◆ What is needed: Under this line is a listing; return exactly the lines starting at the one with "Maison N.h Paris" and running down to the one with "NVR en RAID", and leave out its pictures.

◆ Data provided:
+++

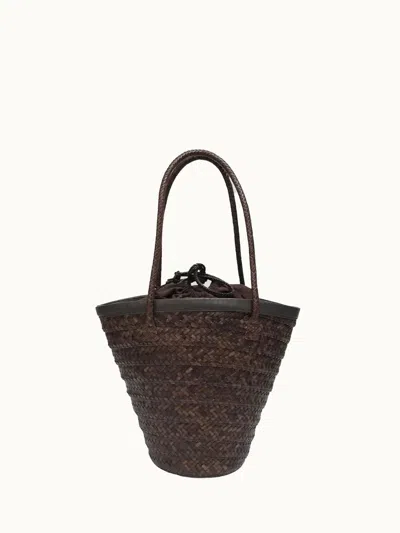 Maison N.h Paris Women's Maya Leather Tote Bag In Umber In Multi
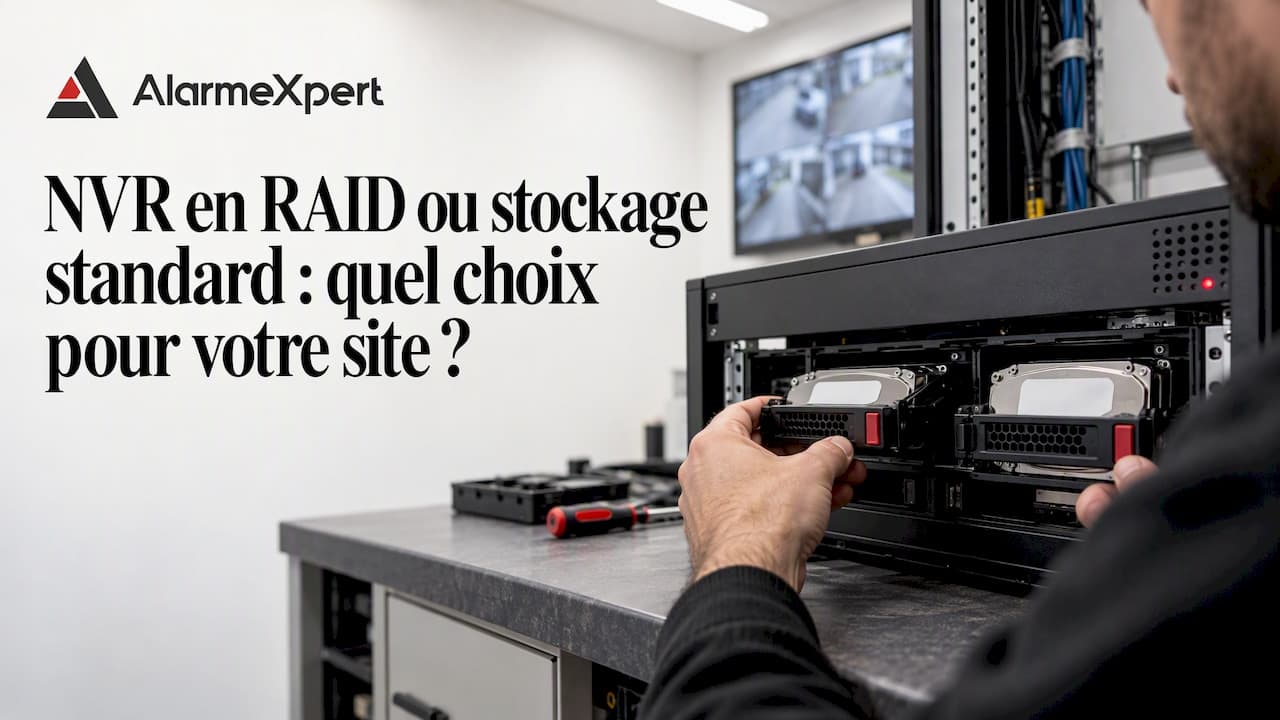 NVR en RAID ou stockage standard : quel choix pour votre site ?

+++

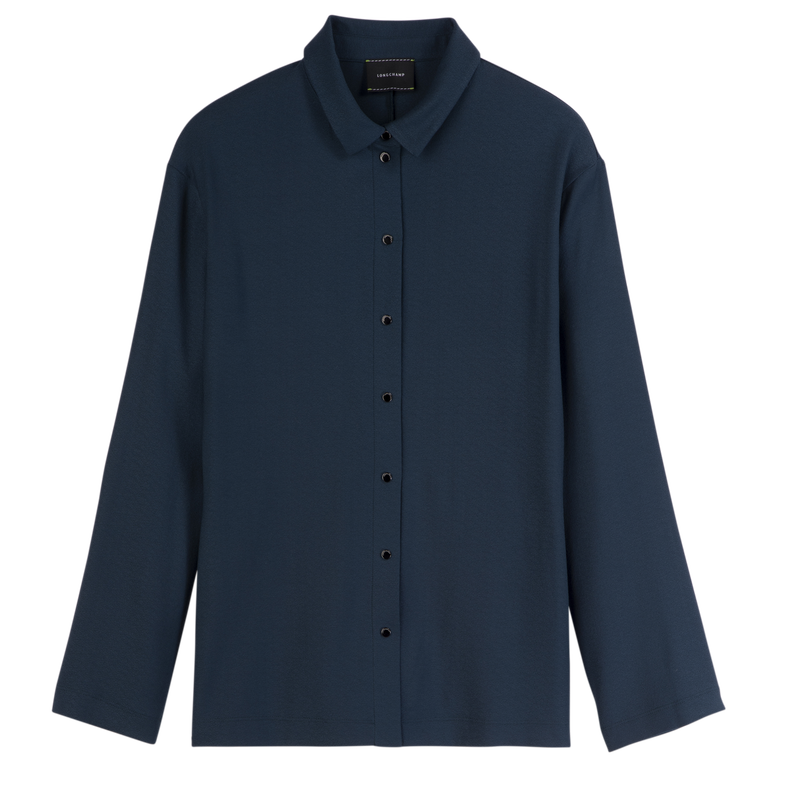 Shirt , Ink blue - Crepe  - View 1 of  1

+++

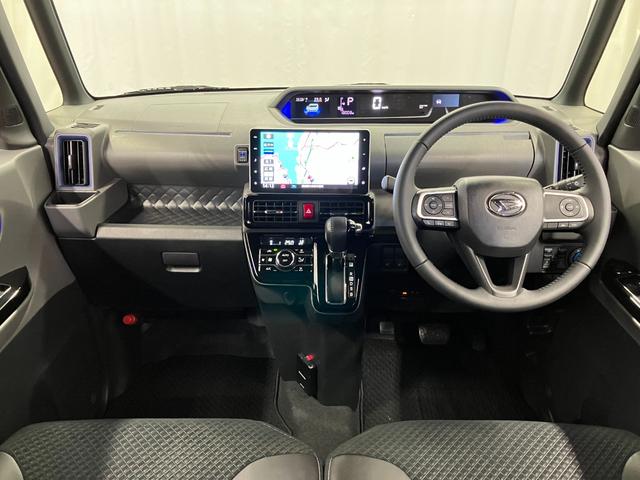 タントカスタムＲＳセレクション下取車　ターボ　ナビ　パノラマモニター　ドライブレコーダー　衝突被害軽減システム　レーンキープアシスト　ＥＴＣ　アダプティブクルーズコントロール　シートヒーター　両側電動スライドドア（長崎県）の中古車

+++

◆ Solution for this exercise:
 Maison N.h Paris Women's Maya Leather Tote Bag In Umber In Multi
 NVR en RAID ou stockage standard : quel choix pour votre site ?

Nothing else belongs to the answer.